Return every entry exactly, except for any pictures.

*** Opening Material for the task ***

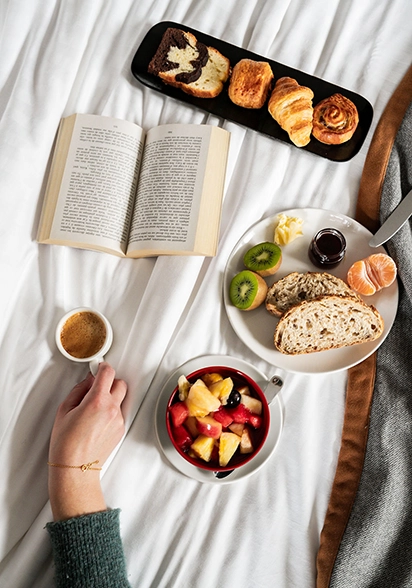 petit déjeuner sur un lit heliopic chamonix mont-blanc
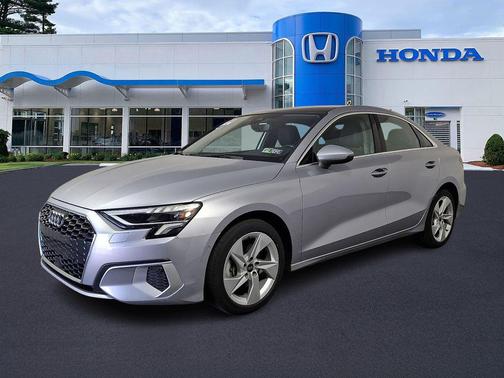 Florett Silver Metallic 2024 Audi A3 Premium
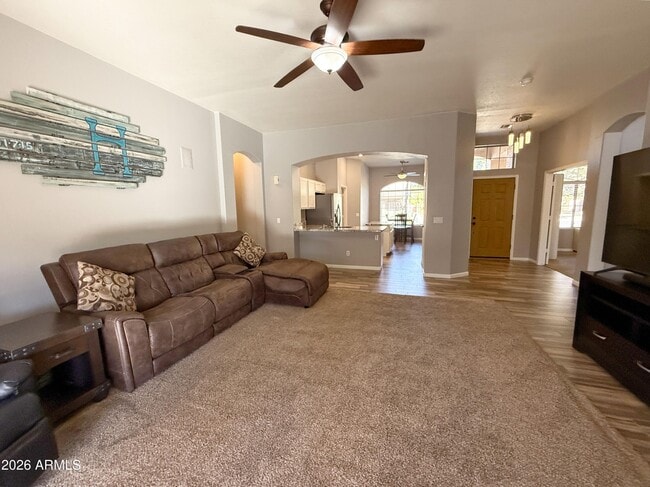 Building Photo - 235 E Smoke Tree Rd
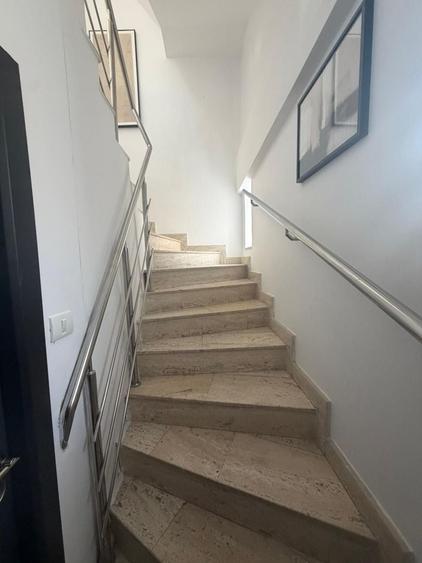 Apartament cu 4 camere decomandat, mobilat în Cotroceni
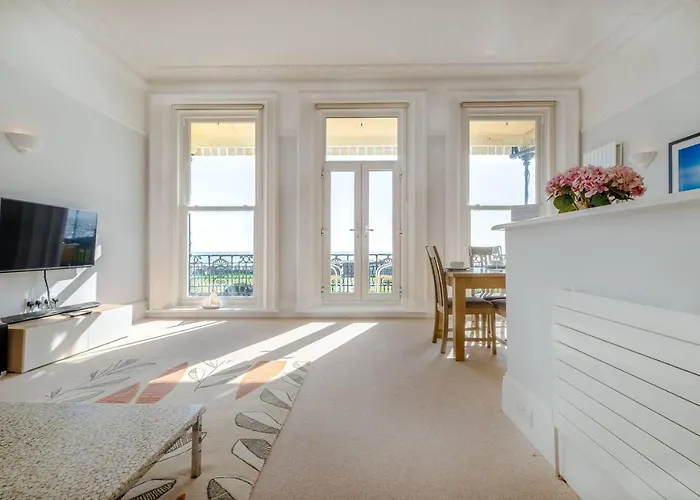 Spectacular Sea Views! Stylish Apt With Balcony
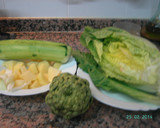 Foto del paso 1 de la receta: Pure de calabacín con hojas de lechuga y picatostes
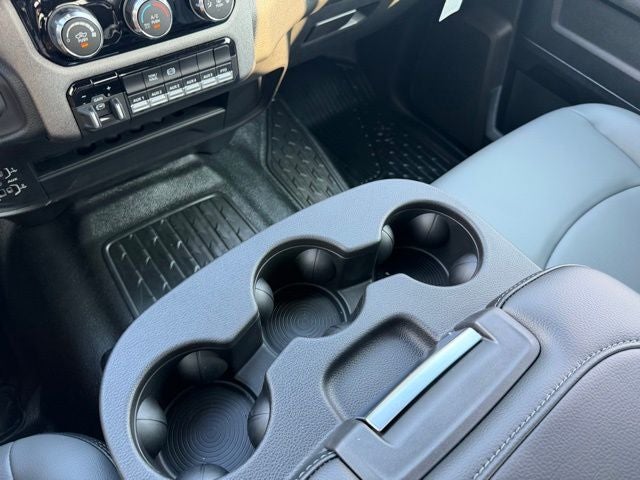 2026 RAM Ram 3500 Chassis Cab RAM 3500 TRADESMAN CREW CAB CHASSIS 4X4 60' CA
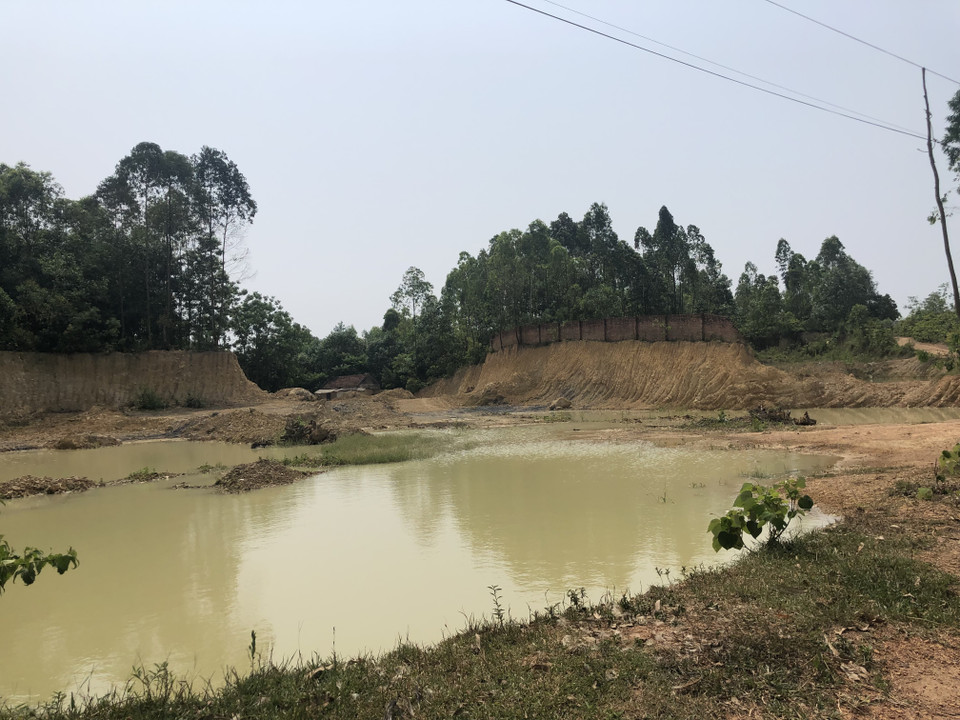 Đất đồi tại xã Phú Sơn đang bị 'băm nát' do khai thác, thu gom, vận chuyển đất tùy tiện. (Ảnh: Nguyễn Văn Cảnh/TTXVN)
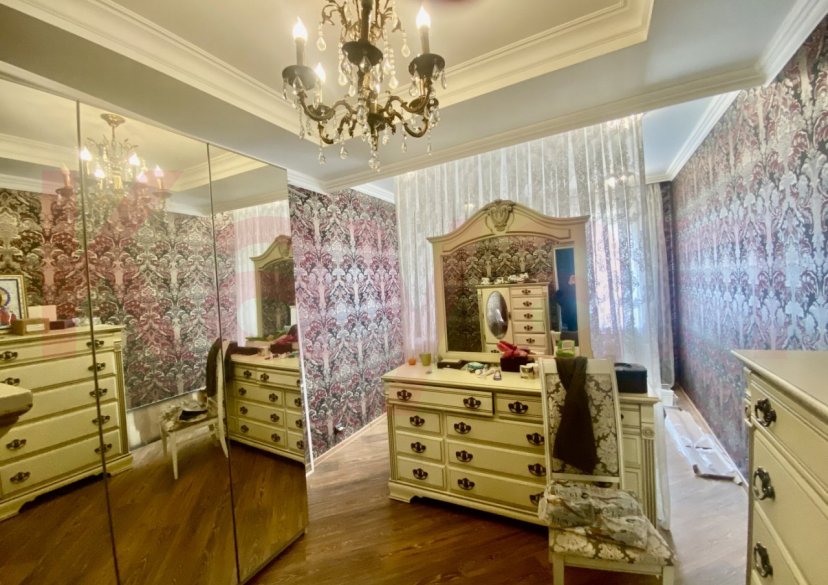 Продажа 2-комн. квартиры, 74 кв.м фото 0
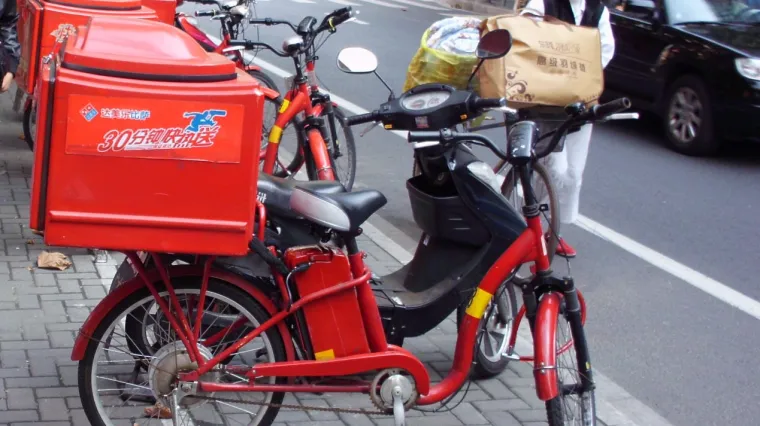 Bio je ministar komunikacija u Afganistanu, sad je dostavljač pizze u Njemačkoj. Ali, postoji gadna kvaka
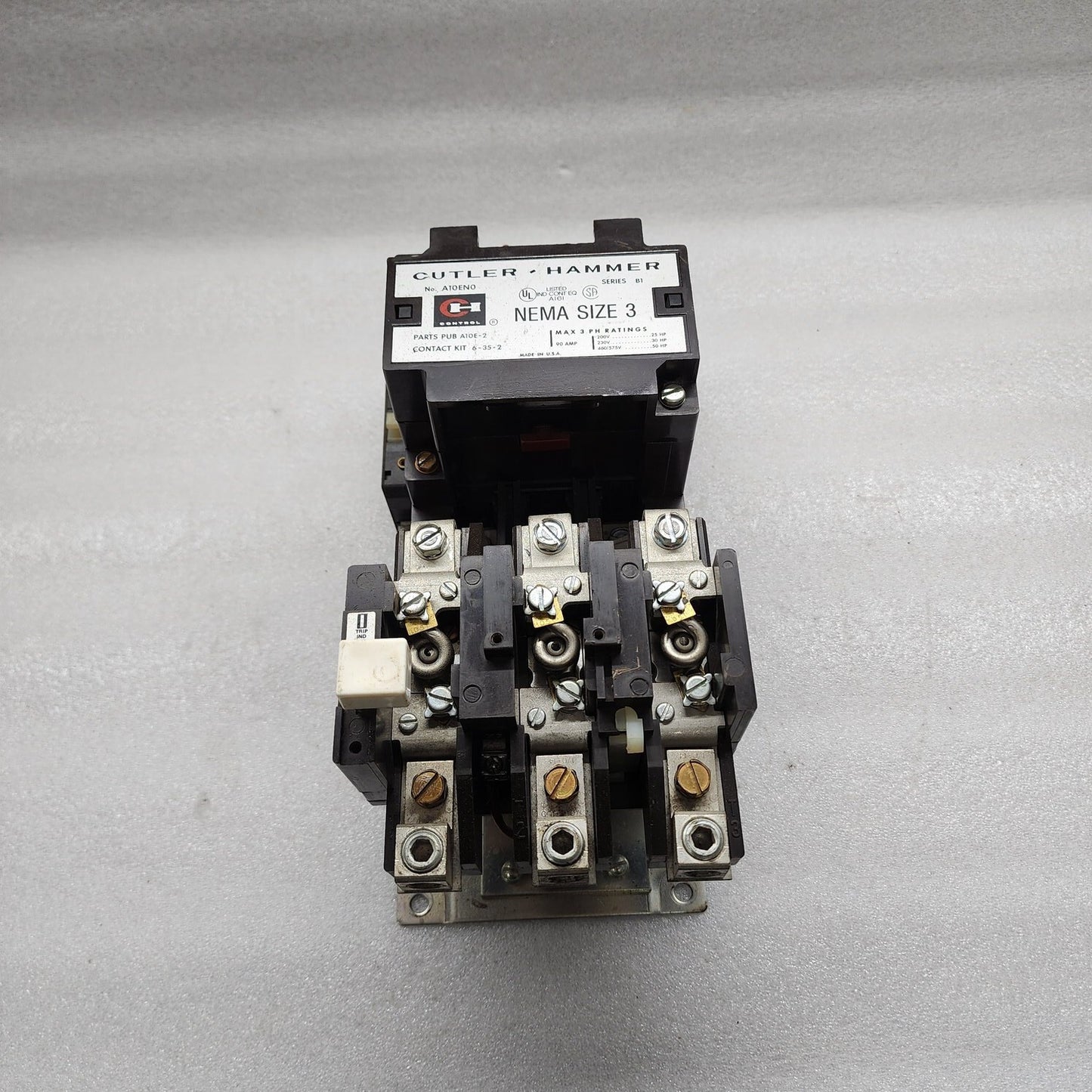 CUTLER HAMMER A10EN0 MOTOR STARTER 90A A10E-2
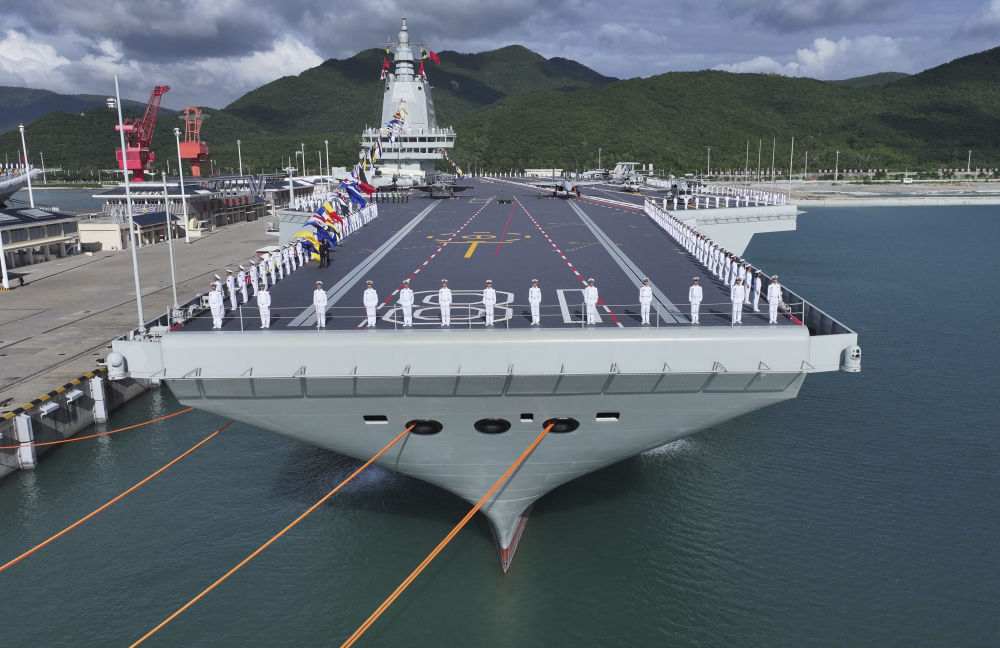 我国第一艘电磁弹射型航空母舰福建舰入列授旗仪式在海南三亚某军港举行（2025年11月5日摄）。新华社记者 李刚 摄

*** Closing Material for the task ***

:: Task result ::
 petit déjeuner sur un lit heliopic chamonix mont-blanc
 Florett Silver Metallic 2024 Audi A3 Premium
 Building Photo - 235 E Smoke Tree Rd
 Apartament cu 4 camere decomandat, mobilat în Cotroceni
 Spectacular Sea Views! Stylish Apt With Balcony
 Foto del paso 1 de la receta: Pure de calabacín con hojas de lechuga y picatostes
 2026 RAM Ram 3500 Chassis Cab RAM 3500 TRADESMAN CREW CAB CHASSIS 4X4 60' CA
 Đất đồi tại xã Phú Sơn đang bị 'băm nát' do khai thác, thu gom, vận chuyển đất tùy tiện. (Ảnh: Nguyễn Văn Cảnh/TTXVN)
 Продажа 2-комн. квартиры, 74 кв.м фото 0
 Bio je ministar komunikacija u Afganistanu, sad je dostavljač pizze u Njemačkoj. Ali, postoji gadna kvaka
 CUTLER HAMMER A10EN0 MOTOR STARTER 90A A10E-2
 我国第一艘电磁弹射型航空母舰福建舰入列授旗仪式在海南三亚某军港举行（2025年11月5日摄）。新华社记者 李刚 摄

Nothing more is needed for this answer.